“That wake was swirling up so strong when we struck it that it was plain the submarine was still only on the way down, and it was no surprise when, a few seconds later, the distinct form of it was visible, close aboard under the starboard side of the bridge.

“I don’t mean that it was distinct in the sense that you could see details such as the bow or stern rudders, or even the conning-tower, but only that a moving cigar-shaped blob of darker green could be plainly made out. The for’ard end was rather more sharply defined than the after, probably because the swirl from the propellers made uneven refraction about the tail. It was doubtless a good deal deeper than it looked, and the fact that it

could be seen at all must have been almost entirely due to the fact that the absence of wind left the surface quite unrippled.

“The appearance of the submarine abreast the bridge was our cue to get busy, and I won’t need to tell you that we went to it good and plenty. We were primed for just that kind of an emergency, and we slapped down a barrage in a way that looked more like chucking coppers for kids to scramble after than the really scientific planting of high explosives that it was. For a minute or two the little old Sherill, dancing down the up-tossed peaks of the explosions, jolted along like the canoe you are dragging over a ‘corduroyed’ portage. Then the going grew smooth again, and under a hard-over right rudder we turned back rejoicing to gather in the sheaves. Yes, it looked quite as simple as harvesting on the old home farm, and it didn’t seem that there could be anything left to do but to go back and pick up with the rake what the mower had brought low. And so it would have been on an ordinary occasion, which, unluckily, this was not. From the first to last, indeed, it was quite the contrary.

“The whole map of that little opening brush was spread out before us as we came back, and almost as clearly, for the moment, as though modelled in coloured clay. The Sherill’s wake, though it had obliterated that of the submarine, coincided with the tell-tale swirl of the latter we had followed,

while the round patches of spreading foam made the dizzily dancing buoys temporarily superfluous as markers of the spots where the depth-charges had exploded. Like every other story that is writ in water, this one was rapidly dissolving; but, from all that we needed to learn from it, the record was as complete as a bronze relief.

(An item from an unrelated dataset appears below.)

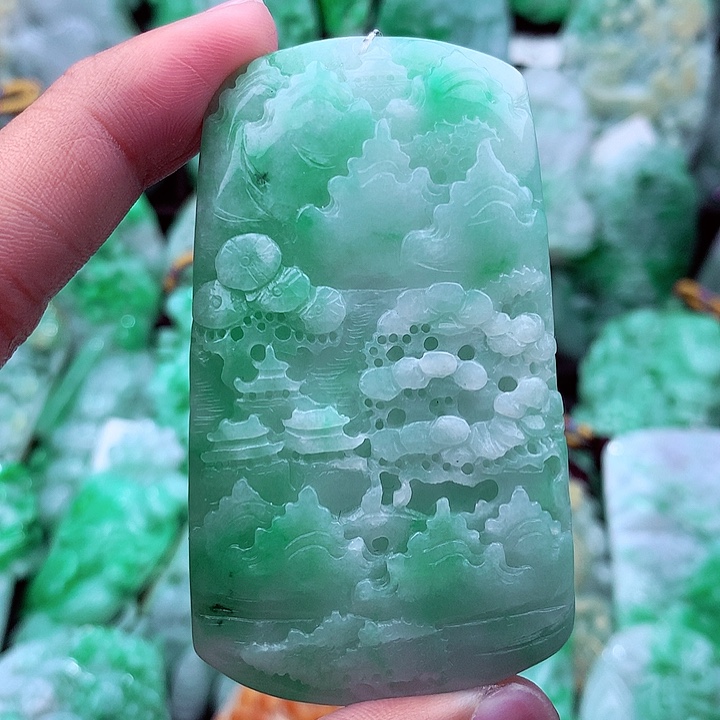 翡翠吊坠(不含链)未镶嵌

“That there was to be another chapter to the story became evident before we had doubled back half the length of that part of the wake we had sprinkled with ‘cans.’ At about the point where two-thirds of that sheaf of depth-charges had been expended a clearly defined wake of oil and bubbles turned sharply off to the left. The presence of that little trail cleared up several important points right then and there without following it any farther, though I will hardly need to tell you that we didn’t drop anchor to hold a court of inquiry over it. The vital thing it told us was that—strange as it seemed—our under-water bombardment had not sent the U-boat to the bottom, nor even injured it sufficiently to compel it to come to the surface. But that it was injured, and probably fairly badly, was proved by the wake of oil and bubbles. Don’t ever let any one delude you with that yarn about the way Fritz sends up oil and bubbles to baffle pursuit. There may be circumstances under which he could work that particular brand of foxiness with profit, but if there is one place where you could be sure he would

not try anything of that kind on, it is when a destroyer has got his nose on his trail, with her eye and ears a-cock for just that kind of little first-aid to ‘can-dropping.’ For a submarine voluntarily to release air or oil when a destroyer is ramping round overhead would be just about like a burglar scattering a trail of confetti to baffle the pursuit of the police. Fritz is as full of ways that are dark and of tricks that are vain as Ah Sin, but—with the hounds at his heels—nothing so foolish as that oil and bubble stunt of popular fiction.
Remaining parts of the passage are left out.